_Activity_
Repeat all the records, precisely as given.

_Provided information_
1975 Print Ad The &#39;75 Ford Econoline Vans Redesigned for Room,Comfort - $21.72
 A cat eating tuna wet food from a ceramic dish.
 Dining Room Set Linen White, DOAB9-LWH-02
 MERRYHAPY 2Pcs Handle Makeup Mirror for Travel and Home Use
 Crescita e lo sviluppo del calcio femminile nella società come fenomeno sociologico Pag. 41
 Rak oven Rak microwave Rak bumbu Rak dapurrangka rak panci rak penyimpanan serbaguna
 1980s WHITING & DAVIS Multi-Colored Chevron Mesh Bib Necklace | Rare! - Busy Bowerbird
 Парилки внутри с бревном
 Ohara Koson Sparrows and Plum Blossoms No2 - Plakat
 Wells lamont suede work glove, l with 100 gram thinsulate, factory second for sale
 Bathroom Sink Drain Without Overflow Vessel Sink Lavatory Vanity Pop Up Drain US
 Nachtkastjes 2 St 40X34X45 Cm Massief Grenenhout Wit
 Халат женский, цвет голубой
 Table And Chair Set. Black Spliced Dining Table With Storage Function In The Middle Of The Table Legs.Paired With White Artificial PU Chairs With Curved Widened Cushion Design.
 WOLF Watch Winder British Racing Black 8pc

_Result of this exercise_
1975 Print Ad The &#39;75 Ford Econoline Vans Redesigned for Room,Comfort - $21.72
 A cat eating tuna wet food from a ceramic dish.
 Dining Room Set Linen White, DOAB9-LWH-02
 MERRYHAPY 2Pcs Handle Makeup Mirror for Travel and Home Use
 Crescita e lo sviluppo del calcio femminile nella società come fenomeno sociologico Pag. 41
 Rak oven Rak microwave Rak bumbu Rak dapurrangka rak panci rak penyimpanan serbaguna
 1980s WHITING & DAVIS Multi-Colored Chevron Mesh Bib Necklace | Rare! - Busy Bowerbird
 Парилки внутри с бревном
 Ohara Koson Sparrows and Plum Blossoms No2 - Plakat
 Wells lamont suede work glove, l with 100 gram thinsulate, factory second for sale
 Bathroom Sink Drain Without Overflow Vessel Sink Lavatory Vanity Pop Up Drain US
 Nachtkastjes 2 St 40X34X45 Cm Massief Grenenhout Wit
 Халат женский, цвет голубой
 Table And Chair Set. Black Spliced Dining Table With Storage Function In The Middle Of The Table Legs.Paired With White Artificial PU Chairs With Curved Widened Cushion Design.
 WOLF Watch Winder British Racing Black 8pc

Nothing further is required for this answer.